How can schools and further education settings support LGBTQ+ students?

If you are at all concerned about a child or young person, you should always speak to your designated safeguarding lead as a matter of priority. They will be able to advise on suitable next steps, and speaking to them about any concerns should always be the first action you take, ahead of any of the suggestions on this page.

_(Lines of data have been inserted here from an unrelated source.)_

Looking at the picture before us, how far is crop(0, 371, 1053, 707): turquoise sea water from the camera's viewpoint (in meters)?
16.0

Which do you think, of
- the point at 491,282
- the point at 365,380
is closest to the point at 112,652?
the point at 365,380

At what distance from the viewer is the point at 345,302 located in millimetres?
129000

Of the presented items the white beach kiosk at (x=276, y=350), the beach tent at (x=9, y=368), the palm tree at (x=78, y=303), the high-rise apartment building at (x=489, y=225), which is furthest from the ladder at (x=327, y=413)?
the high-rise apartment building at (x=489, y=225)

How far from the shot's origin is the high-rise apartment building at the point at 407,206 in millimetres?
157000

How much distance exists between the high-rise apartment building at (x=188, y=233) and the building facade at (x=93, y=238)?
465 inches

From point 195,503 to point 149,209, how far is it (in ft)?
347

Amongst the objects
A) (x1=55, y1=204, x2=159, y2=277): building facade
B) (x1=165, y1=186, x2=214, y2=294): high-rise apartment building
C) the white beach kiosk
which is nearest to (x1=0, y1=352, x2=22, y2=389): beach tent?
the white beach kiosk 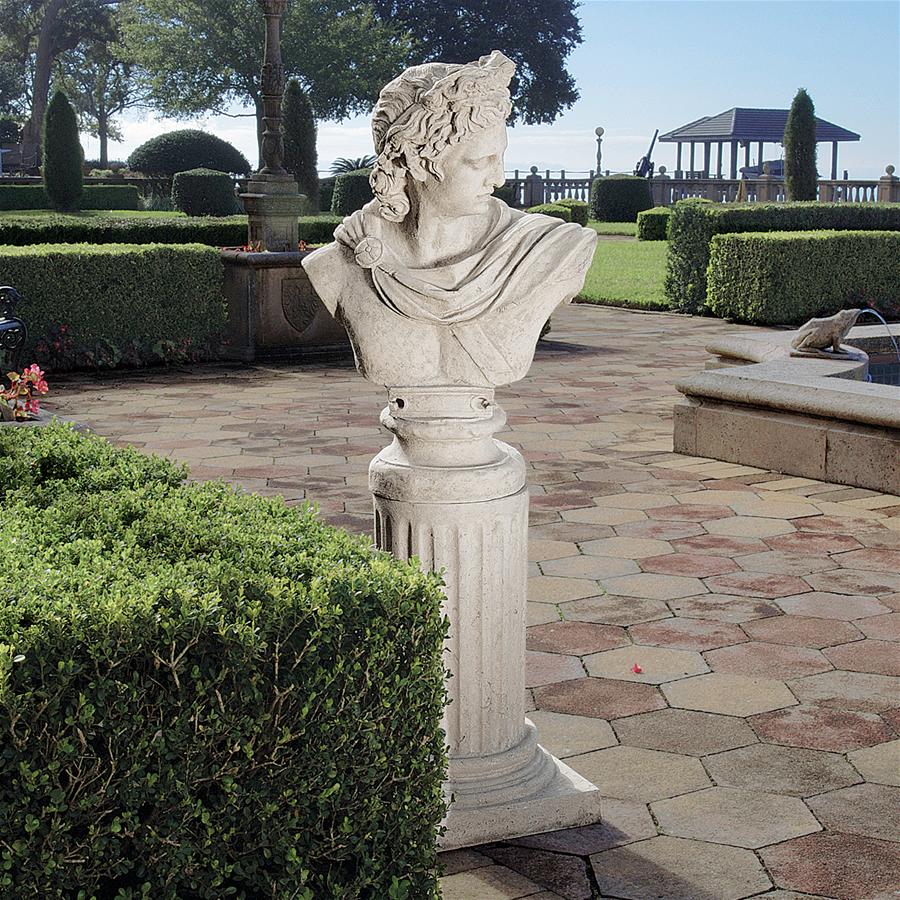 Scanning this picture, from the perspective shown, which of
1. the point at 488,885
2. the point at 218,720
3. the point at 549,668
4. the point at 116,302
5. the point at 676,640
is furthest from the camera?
the point at 116,302

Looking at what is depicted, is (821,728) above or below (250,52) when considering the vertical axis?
below

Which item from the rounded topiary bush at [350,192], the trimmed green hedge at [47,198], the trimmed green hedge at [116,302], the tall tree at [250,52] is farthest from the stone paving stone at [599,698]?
the tall tree at [250,52]

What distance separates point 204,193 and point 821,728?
94.4ft

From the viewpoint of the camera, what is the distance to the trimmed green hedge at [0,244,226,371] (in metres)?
10.5

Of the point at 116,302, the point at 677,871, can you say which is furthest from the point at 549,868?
the point at 116,302

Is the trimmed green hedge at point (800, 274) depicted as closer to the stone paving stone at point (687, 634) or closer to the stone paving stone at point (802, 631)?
the stone paving stone at point (802, 631)

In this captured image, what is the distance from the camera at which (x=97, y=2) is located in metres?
59.3

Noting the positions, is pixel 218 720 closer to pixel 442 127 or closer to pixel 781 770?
pixel 442 127

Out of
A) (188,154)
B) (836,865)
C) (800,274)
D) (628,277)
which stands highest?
(188,154)

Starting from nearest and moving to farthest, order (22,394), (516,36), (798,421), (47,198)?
1. (22,394)
2. (798,421)
3. (47,198)
4. (516,36)

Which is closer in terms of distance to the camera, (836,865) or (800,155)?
(836,865)

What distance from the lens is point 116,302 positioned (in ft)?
35.7

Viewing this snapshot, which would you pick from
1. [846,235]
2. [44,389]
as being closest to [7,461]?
[44,389]

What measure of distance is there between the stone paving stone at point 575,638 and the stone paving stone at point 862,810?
120cm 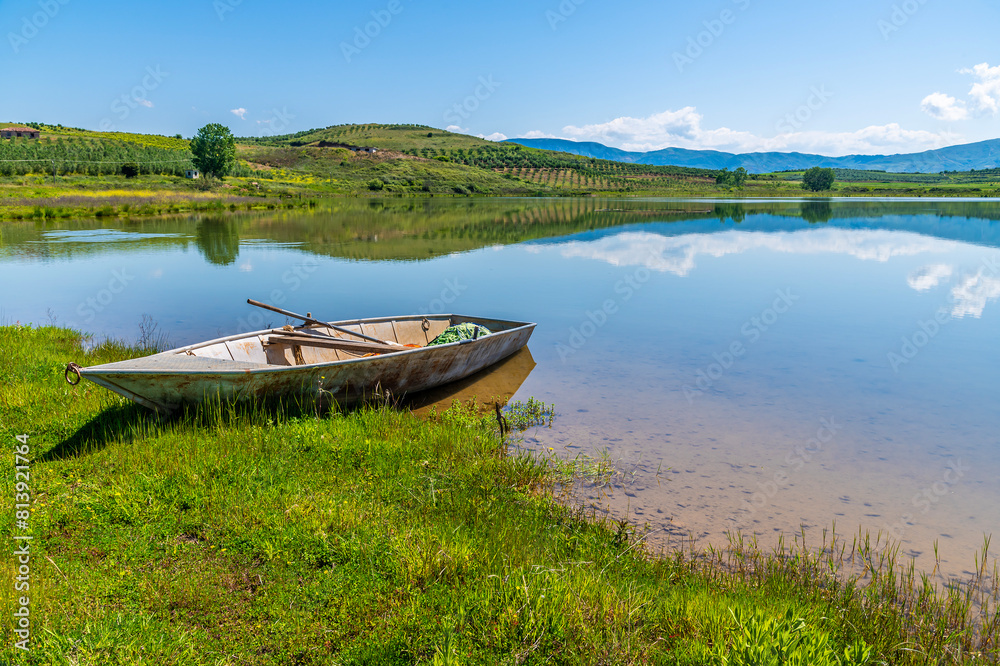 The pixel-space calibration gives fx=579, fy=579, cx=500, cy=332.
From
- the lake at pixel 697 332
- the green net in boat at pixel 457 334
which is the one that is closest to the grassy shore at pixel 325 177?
the lake at pixel 697 332

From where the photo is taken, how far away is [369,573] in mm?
4250

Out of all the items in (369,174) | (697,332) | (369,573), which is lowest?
(369,573)

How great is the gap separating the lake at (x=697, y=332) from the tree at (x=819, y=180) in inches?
4536

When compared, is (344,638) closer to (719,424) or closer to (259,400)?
(259,400)

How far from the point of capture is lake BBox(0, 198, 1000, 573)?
680 cm

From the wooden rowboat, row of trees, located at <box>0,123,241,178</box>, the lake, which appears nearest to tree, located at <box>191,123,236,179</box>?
row of trees, located at <box>0,123,241,178</box>

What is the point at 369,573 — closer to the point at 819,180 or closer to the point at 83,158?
the point at 83,158

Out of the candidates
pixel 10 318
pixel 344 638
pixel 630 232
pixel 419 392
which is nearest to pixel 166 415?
pixel 419 392

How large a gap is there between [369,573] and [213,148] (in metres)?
85.3

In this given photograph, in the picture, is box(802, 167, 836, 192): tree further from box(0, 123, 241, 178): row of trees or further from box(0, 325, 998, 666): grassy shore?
box(0, 325, 998, 666): grassy shore

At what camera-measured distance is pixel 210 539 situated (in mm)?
4668

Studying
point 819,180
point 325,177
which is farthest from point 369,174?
point 819,180

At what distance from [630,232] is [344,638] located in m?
39.5

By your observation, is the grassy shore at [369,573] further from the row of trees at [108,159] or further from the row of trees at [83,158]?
the row of trees at [108,159] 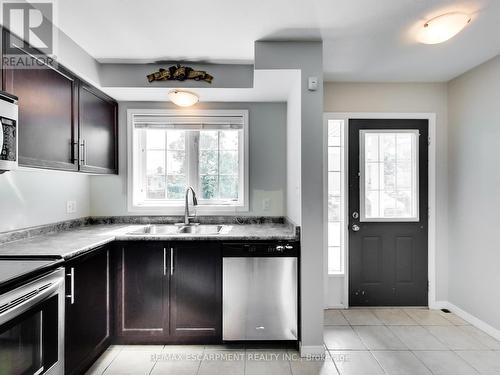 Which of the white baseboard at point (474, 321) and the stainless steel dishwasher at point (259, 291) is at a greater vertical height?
the stainless steel dishwasher at point (259, 291)

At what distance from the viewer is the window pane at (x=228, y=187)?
3.19 metres

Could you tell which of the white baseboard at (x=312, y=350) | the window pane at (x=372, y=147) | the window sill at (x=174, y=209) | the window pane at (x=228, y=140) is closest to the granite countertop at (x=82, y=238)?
the window sill at (x=174, y=209)

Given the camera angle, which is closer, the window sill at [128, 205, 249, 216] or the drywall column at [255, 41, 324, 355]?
the drywall column at [255, 41, 324, 355]

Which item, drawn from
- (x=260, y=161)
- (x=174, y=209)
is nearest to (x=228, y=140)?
(x=260, y=161)

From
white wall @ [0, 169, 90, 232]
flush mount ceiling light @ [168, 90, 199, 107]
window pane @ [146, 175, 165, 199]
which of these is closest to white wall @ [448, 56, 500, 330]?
flush mount ceiling light @ [168, 90, 199, 107]

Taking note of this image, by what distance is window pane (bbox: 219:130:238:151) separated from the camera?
10.4ft

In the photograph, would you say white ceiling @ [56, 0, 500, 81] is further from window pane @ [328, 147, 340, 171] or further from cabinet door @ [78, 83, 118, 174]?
window pane @ [328, 147, 340, 171]

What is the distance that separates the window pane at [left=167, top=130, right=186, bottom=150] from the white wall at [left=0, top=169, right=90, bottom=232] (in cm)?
92

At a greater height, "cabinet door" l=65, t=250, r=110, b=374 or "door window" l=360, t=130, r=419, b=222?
"door window" l=360, t=130, r=419, b=222

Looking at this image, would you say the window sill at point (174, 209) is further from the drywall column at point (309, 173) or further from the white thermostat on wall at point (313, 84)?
the white thermostat on wall at point (313, 84)

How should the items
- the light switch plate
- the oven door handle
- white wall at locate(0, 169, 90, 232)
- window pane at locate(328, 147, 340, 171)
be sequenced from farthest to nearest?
window pane at locate(328, 147, 340, 171)
the light switch plate
white wall at locate(0, 169, 90, 232)
the oven door handle

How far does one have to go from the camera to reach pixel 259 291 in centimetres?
233

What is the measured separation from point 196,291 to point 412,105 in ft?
9.47

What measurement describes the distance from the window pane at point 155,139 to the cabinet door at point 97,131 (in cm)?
32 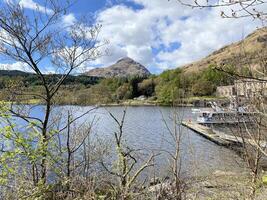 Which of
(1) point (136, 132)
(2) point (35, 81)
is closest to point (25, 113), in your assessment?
(2) point (35, 81)

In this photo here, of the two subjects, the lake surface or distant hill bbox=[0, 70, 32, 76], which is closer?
distant hill bbox=[0, 70, 32, 76]

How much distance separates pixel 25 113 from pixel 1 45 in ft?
8.08

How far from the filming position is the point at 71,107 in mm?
14562

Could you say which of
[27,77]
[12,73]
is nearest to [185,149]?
[27,77]

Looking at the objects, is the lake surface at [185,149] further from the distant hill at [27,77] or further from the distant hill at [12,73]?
the distant hill at [12,73]

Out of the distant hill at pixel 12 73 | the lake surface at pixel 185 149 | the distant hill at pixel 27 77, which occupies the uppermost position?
the distant hill at pixel 12 73

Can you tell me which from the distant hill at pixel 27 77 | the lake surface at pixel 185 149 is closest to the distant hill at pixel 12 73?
the distant hill at pixel 27 77

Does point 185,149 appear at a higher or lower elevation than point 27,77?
lower

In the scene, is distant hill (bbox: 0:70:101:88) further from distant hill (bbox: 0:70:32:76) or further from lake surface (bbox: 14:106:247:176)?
lake surface (bbox: 14:106:247:176)

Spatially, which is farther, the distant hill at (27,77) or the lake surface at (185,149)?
the lake surface at (185,149)

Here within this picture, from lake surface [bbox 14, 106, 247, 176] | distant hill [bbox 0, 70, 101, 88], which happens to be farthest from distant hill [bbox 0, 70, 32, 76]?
lake surface [bbox 14, 106, 247, 176]

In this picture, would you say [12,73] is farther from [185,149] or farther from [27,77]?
[185,149]

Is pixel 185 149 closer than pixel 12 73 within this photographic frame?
No

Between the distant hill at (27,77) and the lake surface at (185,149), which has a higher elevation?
the distant hill at (27,77) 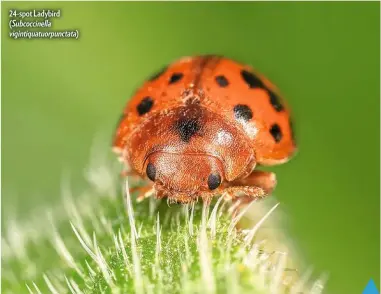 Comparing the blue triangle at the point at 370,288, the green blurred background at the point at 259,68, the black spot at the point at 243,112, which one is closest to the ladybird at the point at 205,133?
the black spot at the point at 243,112

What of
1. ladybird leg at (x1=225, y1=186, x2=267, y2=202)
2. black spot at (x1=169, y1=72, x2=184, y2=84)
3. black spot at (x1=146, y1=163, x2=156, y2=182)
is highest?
black spot at (x1=169, y1=72, x2=184, y2=84)

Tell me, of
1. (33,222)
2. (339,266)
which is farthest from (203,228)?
(339,266)

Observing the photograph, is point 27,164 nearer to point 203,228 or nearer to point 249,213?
point 249,213

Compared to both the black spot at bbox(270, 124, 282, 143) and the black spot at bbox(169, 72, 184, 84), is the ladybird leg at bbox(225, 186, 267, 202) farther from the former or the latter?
the black spot at bbox(169, 72, 184, 84)

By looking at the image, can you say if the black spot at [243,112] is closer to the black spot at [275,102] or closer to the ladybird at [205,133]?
the ladybird at [205,133]

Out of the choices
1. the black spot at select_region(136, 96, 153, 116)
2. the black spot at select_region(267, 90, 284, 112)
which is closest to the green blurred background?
the black spot at select_region(267, 90, 284, 112)

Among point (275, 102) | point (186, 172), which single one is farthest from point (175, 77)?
point (186, 172)

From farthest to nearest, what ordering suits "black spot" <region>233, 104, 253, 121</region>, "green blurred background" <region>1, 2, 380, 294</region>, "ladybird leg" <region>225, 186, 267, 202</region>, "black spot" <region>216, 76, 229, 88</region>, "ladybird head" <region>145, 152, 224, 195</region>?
"green blurred background" <region>1, 2, 380, 294</region> < "black spot" <region>216, 76, 229, 88</region> < "black spot" <region>233, 104, 253, 121</region> < "ladybird leg" <region>225, 186, 267, 202</region> < "ladybird head" <region>145, 152, 224, 195</region> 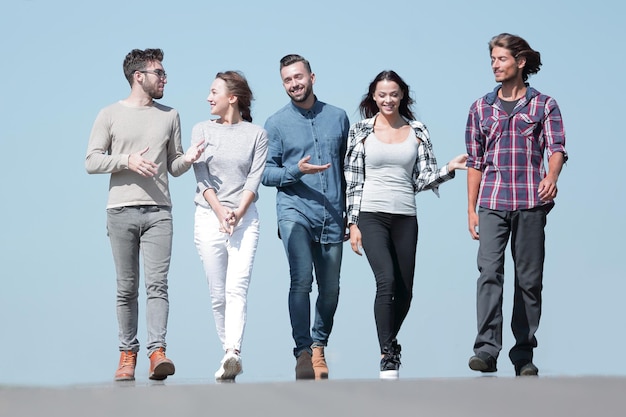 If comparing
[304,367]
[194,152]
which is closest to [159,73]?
[194,152]

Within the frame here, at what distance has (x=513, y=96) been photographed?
733cm

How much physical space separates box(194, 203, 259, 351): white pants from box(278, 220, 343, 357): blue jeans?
29cm

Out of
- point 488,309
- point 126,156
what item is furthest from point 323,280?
point 126,156

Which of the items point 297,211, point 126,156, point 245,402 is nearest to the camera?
point 245,402

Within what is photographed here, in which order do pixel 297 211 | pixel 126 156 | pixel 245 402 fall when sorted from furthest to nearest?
1. pixel 297 211
2. pixel 126 156
3. pixel 245 402

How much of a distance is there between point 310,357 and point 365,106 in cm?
205

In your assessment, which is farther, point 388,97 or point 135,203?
point 388,97

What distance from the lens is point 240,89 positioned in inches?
301

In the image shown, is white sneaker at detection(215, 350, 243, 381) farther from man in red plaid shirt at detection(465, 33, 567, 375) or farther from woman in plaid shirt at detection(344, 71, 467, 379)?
man in red plaid shirt at detection(465, 33, 567, 375)

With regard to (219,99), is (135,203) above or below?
below

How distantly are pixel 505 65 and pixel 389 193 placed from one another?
1.25 metres

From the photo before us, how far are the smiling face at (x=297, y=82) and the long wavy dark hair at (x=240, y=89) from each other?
0.29 meters

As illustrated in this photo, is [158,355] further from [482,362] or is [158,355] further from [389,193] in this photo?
[482,362]

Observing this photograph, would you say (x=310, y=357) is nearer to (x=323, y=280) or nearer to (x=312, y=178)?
(x=323, y=280)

There are a range of ways that education professionals can offer support to students that identify as LGBTQ+:

  • Build respectful relationships with children and young people, making it easier for them to ask for help and support if they need it
  • Listen to and respect the language people use to describe their identity, gender, sexual orientation and relationships.
  • Avoid making assumptions about people’s sexual orientation or gender identity. Instead, consider using gender neutral terms, for example ‘partner’ instead of ‘boyfriend/girlfriend’.
  • Assist the student to make connections with others who may have similar experiences can be helpful. This could include other young people that have mental health problems and/or with other LGBTQ+ young people in the community. This may include linking them with a local LGBTQ+ support group or online community.
  • Always take LGBTQ+ discrimination seriously. For example, by supporting students to report instances of hate-crime or bullying, or by establishing strong anti-discrimination policies in your school environment.
  • Speak about LGBTQ+ issues and support public LGBTQ+ events such as Pride Month within the school to help create a more open, comfortable and welcoming environment.
  • Help students access specialist LGBTQ+ mental health services
    • Guide the student to talk with their GP about a referral for talking therapies.
    • Assist students to self-refer to LGBTQ+ charity sector organisations who may also offer free or low-cost support.
    • Provide information on helplines and online support services.
    • Signpost students and families to private therapists if requested; the Pink Therapy online directory lists therapists who work with LGBTQ+ clients.
    • Support students to access help for suicidal feelings including crisis mental health services. 

How can schools support students who are questioning their sexuality or gender identity?

Some students may not be openly LGBTQ+, but may still be questioning their sexuality or gender identity. Schools can offer support to these students in many ways:

  • Don’t make assumptions. Let them tell you when they’re ready. Give them time and space to understand themselves, and to become more comfortable about sharing something so personal with you.
  • Ask questions, and then listen. Showing interest in how they see themselves, and in their experiences at school and in their social life, will help them open up.